Building on his lysergically drenched book How to Change Your Mind (2018), Pollan looks at three plant-based drugs and the mental effects they can produce.

The disastrous war on drugs began under Nixon to control two classes of perceived enemies: anti-war protestors and Black citizens. That cynical effort, writes the author, drives home the point that “societies condone the mind-changing drugs that help uphold society’s rule and ban the ones that are seen to undermine it.” One such drug is opium, for which Pollan daringly offers a recipe for home gardeners to make a tea laced with the stuff, producing “a radical and by no means unpleasant sense of passivity.” You can’t overthrow a government when so chilled out, and the real crisis is the manufacture of synthetic opioids, which the author roundly condemns.
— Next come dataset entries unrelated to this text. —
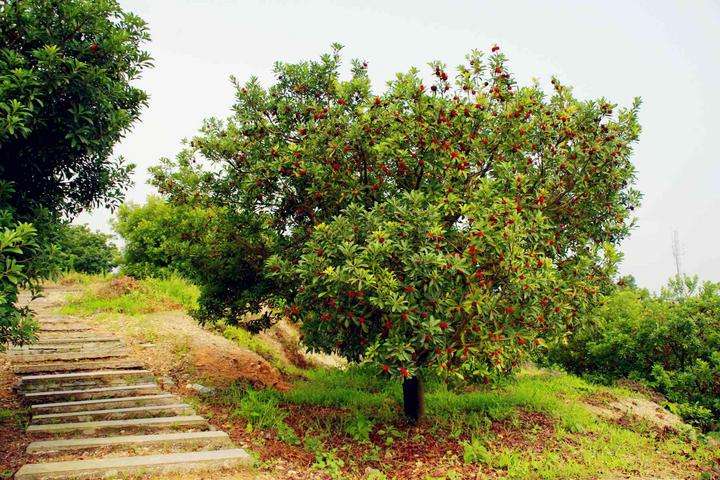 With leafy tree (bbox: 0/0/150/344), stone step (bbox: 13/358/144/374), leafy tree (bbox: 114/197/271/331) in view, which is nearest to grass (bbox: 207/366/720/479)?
leafy tree (bbox: 114/197/271/331)

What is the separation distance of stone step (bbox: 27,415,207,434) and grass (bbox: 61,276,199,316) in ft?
18.2

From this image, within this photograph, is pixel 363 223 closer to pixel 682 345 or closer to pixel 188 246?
pixel 188 246

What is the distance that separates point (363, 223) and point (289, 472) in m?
3.61

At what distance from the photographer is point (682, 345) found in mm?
13820

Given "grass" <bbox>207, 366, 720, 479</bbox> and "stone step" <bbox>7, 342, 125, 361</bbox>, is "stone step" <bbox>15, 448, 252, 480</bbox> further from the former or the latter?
"stone step" <bbox>7, 342, 125, 361</bbox>

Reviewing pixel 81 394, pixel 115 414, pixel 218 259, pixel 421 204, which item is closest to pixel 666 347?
pixel 421 204

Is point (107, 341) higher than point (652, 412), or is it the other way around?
point (107, 341)

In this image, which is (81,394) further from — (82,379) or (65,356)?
(65,356)

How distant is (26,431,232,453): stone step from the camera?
23.4ft

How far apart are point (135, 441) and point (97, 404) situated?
5.09ft

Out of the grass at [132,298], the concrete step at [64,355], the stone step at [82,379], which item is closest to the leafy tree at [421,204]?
the stone step at [82,379]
Pollan delivers a compelling backstory: This section dates to 1997, but he had to leave portions out of the original publication to keep the Drug Enforcement Administration from his door. Caffeine is legal, but it has stronger effects than opium, as the author learned when he tried to quit: “I came to see how integral caffeine is to the daily work of knitting ourselves back together after the fraying of consciousness during sleep.” Still, back in the day, the introduction of caffeine to the marketplace tempered the massive amounts of alcohol people were drinking even though a cup of coffee at noon will keep banging on your brain at midnight. As for the cactus species that “is busy transforming sunlight into mescaline right in my front yard”? Anyone can grow it, it seems, but not everyone will enjoy effects that, in one Pollan experiment, “felt like a kind of madness.” To his credit, the author also wrestles with issues of cultural appropriation, since in some places it’s now easier for a suburbanite to grow San Pedro cacti than for a Native American to use it ceremonially.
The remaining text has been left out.